Tong et al. take the improved HRNet [28] structure as the backbone, in which the bottleneck block [13] and group convolution [29] are used to replace the standard residual block in the original HRNet. In order to prevent the accuracy loss by the coordinates quantization, they use a mapping function named Dual Soft Argmax (DSA [18]) to map the heatmap response to final coordinates, which overcomes the problem of weight imbalance problem of Soft Argmax (SA [22]). The Normalized Mean Error (NME) loss [17] is taken as the training loss. Besides, inspired by [30], they propose a Similarity-FeatureMap knowledge distillation model. As Figure 5 shows, it guides the training of a student network by keeping the feature maps’ similarity of input pairs according to the teacher network. Specifically, similarity matrices are derived from the feature maps and a distillation loss is computed on the matrices produced by the student network and the teacher network. Finally, the submitted model achieves 78.88%, 1.71%, 0.05% of the AUC, NME, and Failure rate, respectively. The model size is about 16M and the FLOPS is 996.190M. Tong et al. won the third place.

Fig. 4.
figure 4

The network structure of Huang et al.

Fig. 5.
figure 5

Similarity-FeatureMap knowledge distillation guides the training of a student network such that input pairs that produce similar (dissimilar) feature maps in the pre-trained teacher network produce similar (dissimilar) feature maps in the student network.
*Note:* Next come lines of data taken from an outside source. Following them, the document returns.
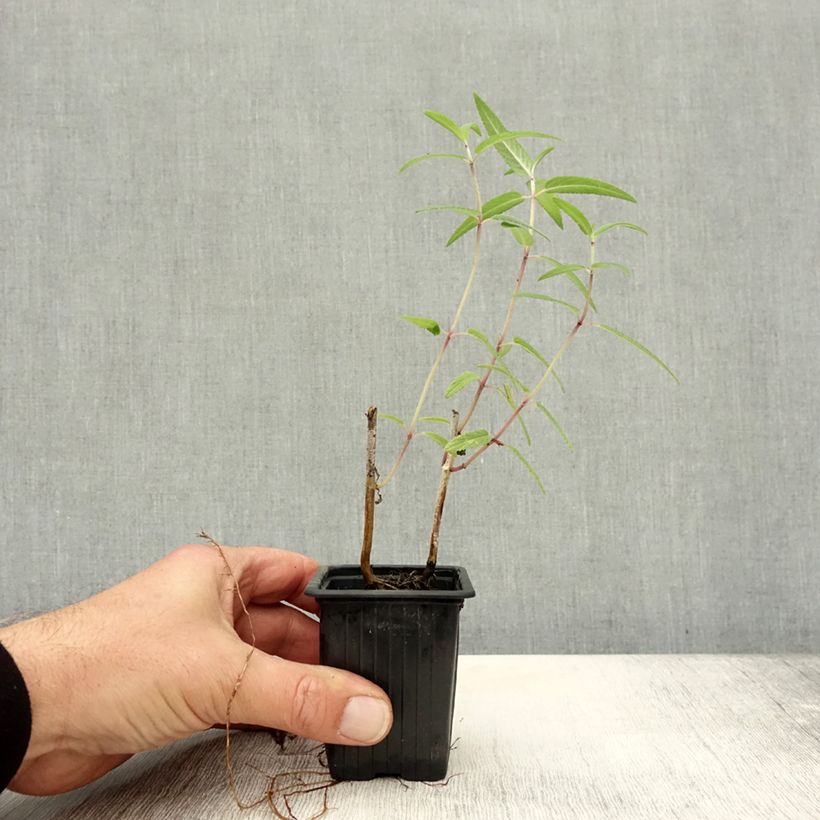 Exemplar von Salvia leucantha - Strauchige Salbei Kleine Töpfe von 7/8 cm wie im Herbst geliefert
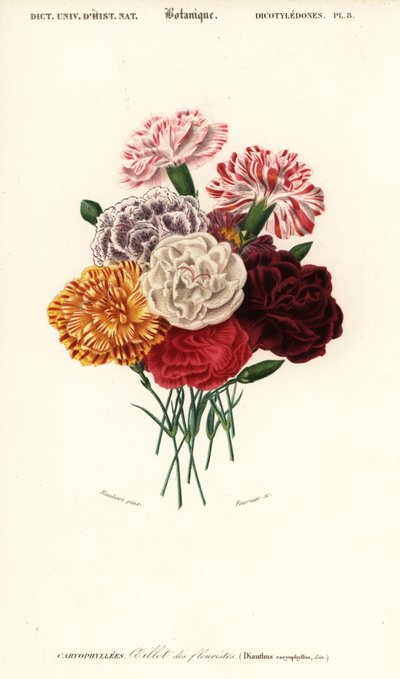 カーネーションのグループ、ダイアンサス カリオフィルス。 、1849年（彫刻） 作： Louis Joseph Edouard Maubert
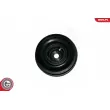 ESEN SKV 95SKV316 - Poulie, vilebrequin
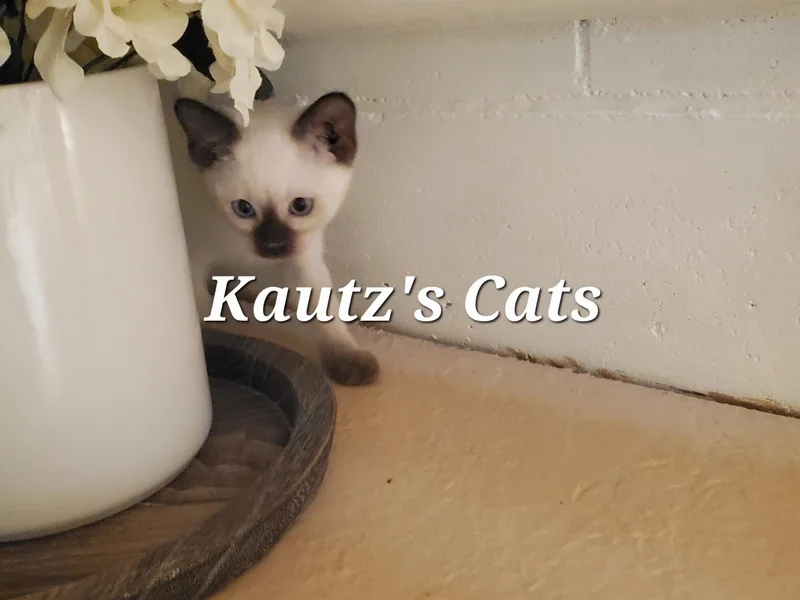 Kautzscats photo 1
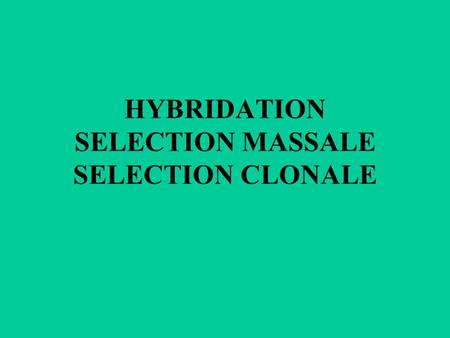 HYBRIDATION SELECTION MASSALE SELECTION CLONALE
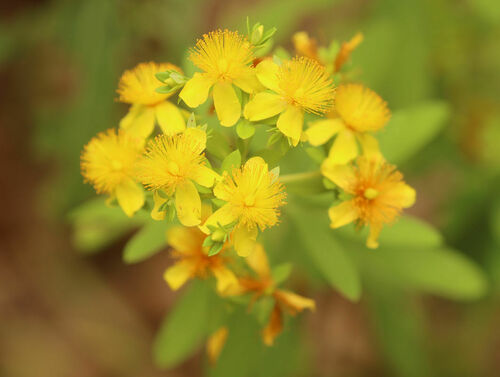 fivelobe St. Johns wort (Hypericum lobocarpum)
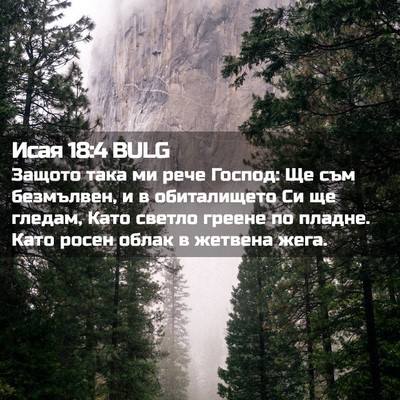 Picture 02 - Исая 18:4 BULG - Защото така ми рече Господ: - Bible Verse Picture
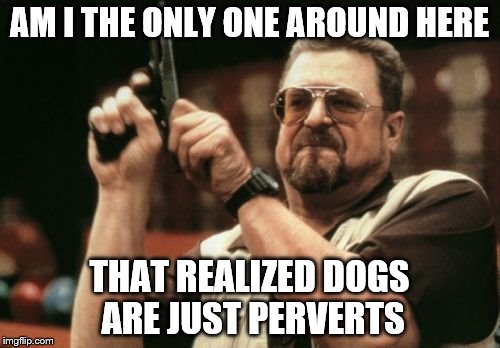 Am I The Only One Around Here Meme | AM I THE ONLY ONE AROUND HERE THAT REALIZED DOGS ARE JUST PERVERTS | image tagged in memes,am i the only one around here | made w/ Imgflip meme maker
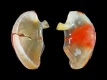 Nerita litterata (operculum reparatie) - 8.2 mm - RC 1369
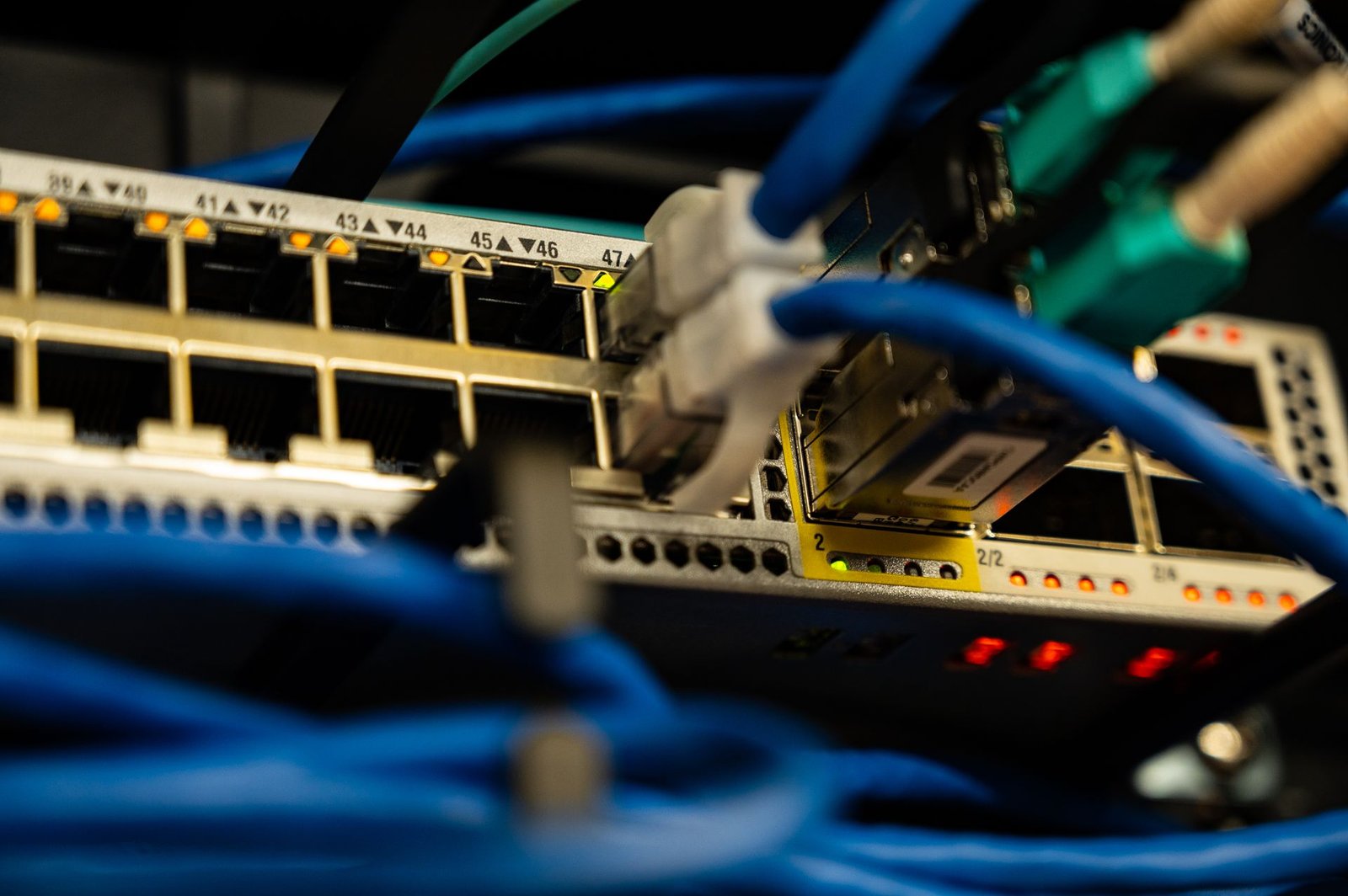 Ethernet cables plugged into a network switch.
Given an input mini-batch of b images, we derive similarity matrices from the feature maps, and compute a distillation loss on the matrices produced by the student and the teacher.

5 Conclusion

In this paper, we first summarize the prior facial landmark localization challenges and the commonly used 2D facial landmark datasets in recent years. Then we introduce the detailed information of the \(2^\mathrm{nd}\) 106-point lightweight facial landmark localization grand challenge. We construct and release a new facial landmark dataset, named JD-landmark-v2. Compared with the previous challenges, our work pays attention on the lightweight facial landmark localization model, which is important for the efficient system deployment. Finally, there are more than 70 teams participate in the competition and 9 teams involve in the final evaluation. We introduce the methods together with the performance of top three teams in this paper. We hope this work could push the frontier of the lightweight facial landmark localization algorithm.